He pulled out some surgical scissors and started cutting away at my shirt from my neck, down under my armpit, and towards the stomach. He repeated the procedure on the other side and then pulled the shirt off. Quick, effective, and it left my bare chest exposed. He looked me over and then felt the freshly healed gunshot wound on my side.
“Throug
h and through?” he asked.
“Yeah, about two months ago,” I told him.
“These?” he asked, pointing to white-flecked scars that peppered my lower abdomen.
“Shrapnel. That one almost killed me,” I told him.
“Grenade?” he asked.
“Mortar,” I told him.
“Dick Pershing, former marine, medically discharged. Not for these wounds, though,” he said, poking and prodding at my bruised torso.
“No, medically discharged. PTSD,” I answered truthfully.
If he knew that much about me, they still had working computers somewhere with my service record.
“Who told you about me?” I asked him.
“I just asked your friends for your name. They’ve been processed as well.”
“Are they being held here also?” I asked him, since he was being so chatty.
“They’re being held, but not in this place. As far as we’ve been told, you’re the one who murdered Ben’s family and looted their belongings. Your friends had nothing to do with that from what the boy says.”
“I didn’t murder his family,” I said, a hint of anger creeping into my voice. “His dad was running us down with a pack of hunting dogs.”
“That’s not how I’ve heard it. I also heard about the families at the telephone building that were gunned down.”
“What?” I asked him, looking up.
“Three men here all identified you as the one leading a raiding party to kill the families who had holed up at a phone station building. After that, you looted it and stole their trucks. One of which they caught you in. It’s pretty damning evidence against you. You see, that’s why they wouldn’t let me treat you too much. If you had died, it would have been easier on all of us, especially you.”

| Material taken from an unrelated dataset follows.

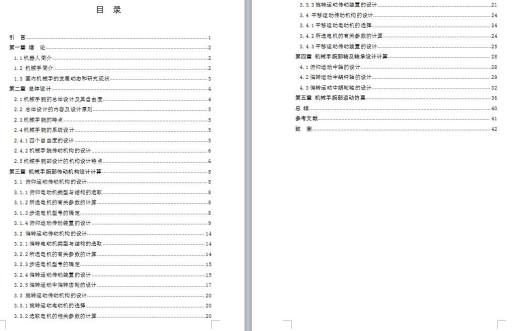 机械手腕部设计及仿真分析缩略图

“Why easier on me? I have nothing to hide, and for the record… the men that were killed had been raiding a small community, forcing them to pay a tithe. The community fought back. As it was, my friends had nothing to do with it anyways.”

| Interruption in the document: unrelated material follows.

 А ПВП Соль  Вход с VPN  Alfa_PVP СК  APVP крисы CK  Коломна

“I don’t believe you,” Skinner said.
“Why is that?” I asked him, pissed.
“Two reasons,” he said. “Number one is the needle tracks on your arms.”
I looked down and, shirtless, the scars from years of abuse still showed. Sometimes an injection site would get infected, scar up. My arms were covered in them.
“Number two, Dick Pershing is a dead man. Who are you really?”
“I’m a dead man? No, I’m not. I’m right here,” I told Skinner, my anger fading away to confusion.
“Dick Pershing has been dead for years, so let me ask you one more time, who are you really?”
I had gone off the grid when I became homeless, chained to my addictions. Had Mary come looking for me? It was possible I’d been declared dead. My only tie to the real world during those dark years had been Salina, but even then, who would believe the records of a walk-in clinic that catered to the homeless?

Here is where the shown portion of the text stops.